Dual processor, AMD 64 machine freezing.
braukmann at tse-online.de
Mon Feb 2 03:45:33 PST 2004
--On Sonntag, 1. Februar 2004 16:53 Uhr -0800 David O'Brien <obrien at freebsd.org> wrote:
> On Mon, Feb 02, 2004 at 12:51:34AM +0100, Andreas Braukmann wrote:
>> > P.S. For best performance, I think you really want to run 4x 512 MB.
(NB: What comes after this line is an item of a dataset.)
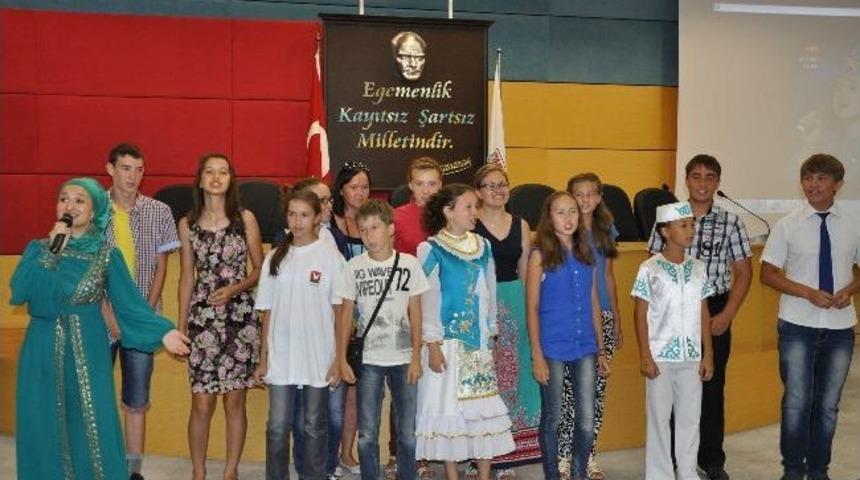 Kardeş Aznakaylı Öğrenciler Tarsus’ta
>> > Running with two DIMMs means either you only get 64-bit memory access (not
>> > 128-bit) or else you need to put both DIMMs into the CPU1 memory slots
>> > (which means CPU2 will have to access those through hypertransport).
>> That's theory. ;-)
>> Since the allocators don't know about the numa-like architecture
>> memory would be accessed through hyptertransport (statistically)
>> more or less "half of the time". (CPU0 ---> HT ---> MEM1 ;
>> CPU1 ---> HT ---> MEM0)
> Its not theory, its fact -- even w/o a NUMA aware OS. Statistically, 1/2
> the accesses by a CPU are to local memory, 1/2 to distant memory. If you
> put all them memory on a single CPU then you've got two processors trying
> to access memory, saturating the memory controller on the single CPU with
> memory -- thus giving you less BW.
You are right, of course.
I have two nearly identical systems. One is equipped with two 1 GByte
Dimms both connected to CPU0, the second is equipped with four 512 MByte
Dimms (2 at CPU0 and 2 at CPU1). My "real world" benchmarks (no micro-
benchmarking involved) showed, that the system with memory on both CPUs
performs minimal better (<< 5%) than the system having its complete RAM
on one CPU.
Choosing a configuration that allows to make use of both memory controller
channels (even using only one CPU's controller) pays of significantly
(20% - 30%).
Especially for the K8S (having only 4 + 2 DIMM-slots) I would rather
buy 2 * 1 GByte Dimms (to be able to simply add two more).
> Your diagram above leaves out the memory controller (and its request buffer).
Point taken. My remark was over simplified and not to the point.